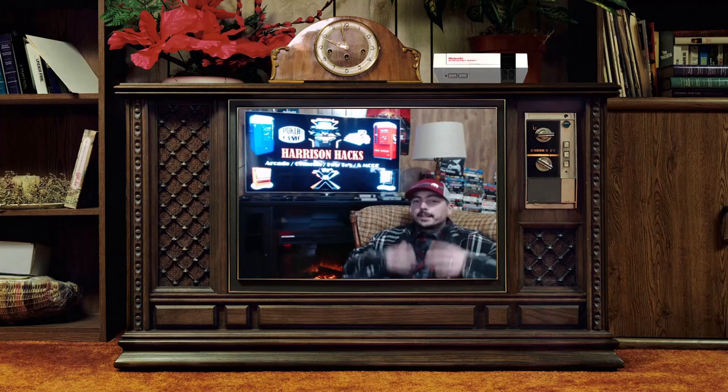Hey guys, welcome to Harrison Yaks. This episode is going to be featuring the mini consoles — what's good, what's bad, what's coming. Stay tuned.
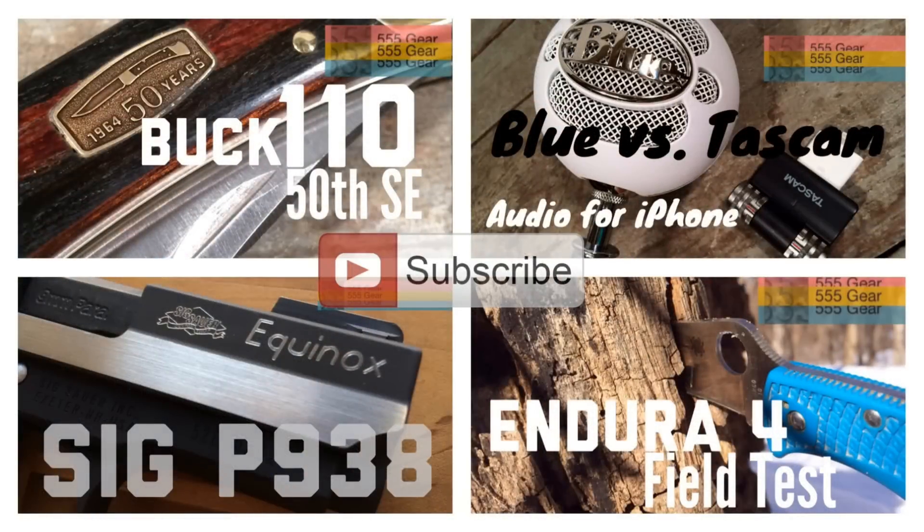Thanks a lot for watching this video. Please like it if you enjoyed it, and please consider subscribing if you'd like more gear-related videos.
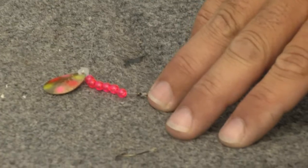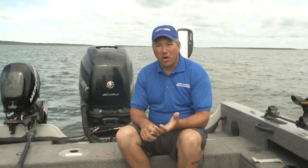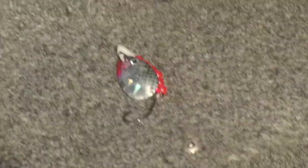The first thing I look for is the number of hooks. If I'm going to be fishing with a whole night crawler, I opt for a spinner with two hooks. I like that second hook a little farther back to pick off those short-striking walleyes. If I'm only going to use a half a crawler, a leech, or even a minnow on my spinners, a single hook is more than adequate.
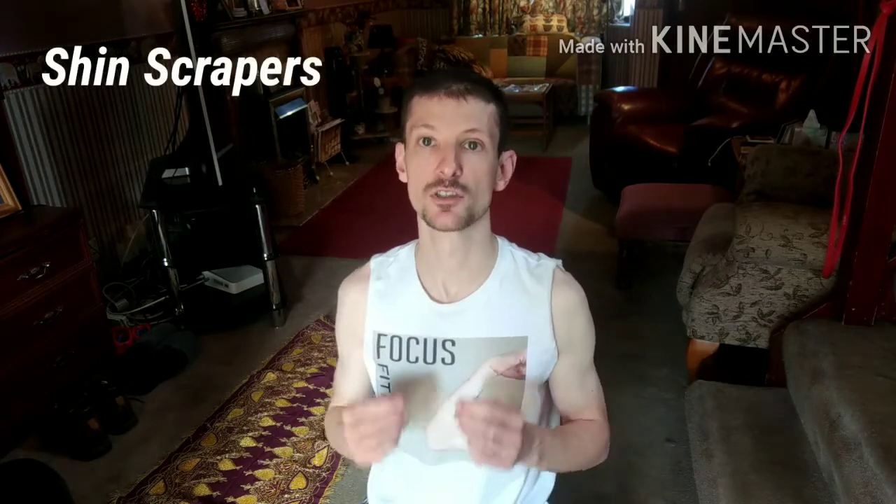Now this video has been a long wait, but it's been well worth the wait. The first exercise we're doing is called shin scrapers, and it gets its name because the band is going to be very, very near your shins when you're doing the exercise.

-- Task item --
Transcribe the span of lines that runs from the line with "The first thing" to the end of the data, both ends included, exactly, with nothing else and no pictures.

-- Task answer --
The first thing I look for is the number of hooks. If I'm going to be fishing with a whole night crawler, I opt for a spinner with two hooks. I like that second hook a little farther back to pick off those short-striking walleyes. If I'm only going to use a half a crawler, a leech, or even a minnow on my spinners, a single hook is more than adequate.
Now this video has been a long wait, but it's been well worth the wait. The first exercise we're doing is called shin scrapers, and it gets its name because the band is going to be very, very near your shins when you're doing the exercise.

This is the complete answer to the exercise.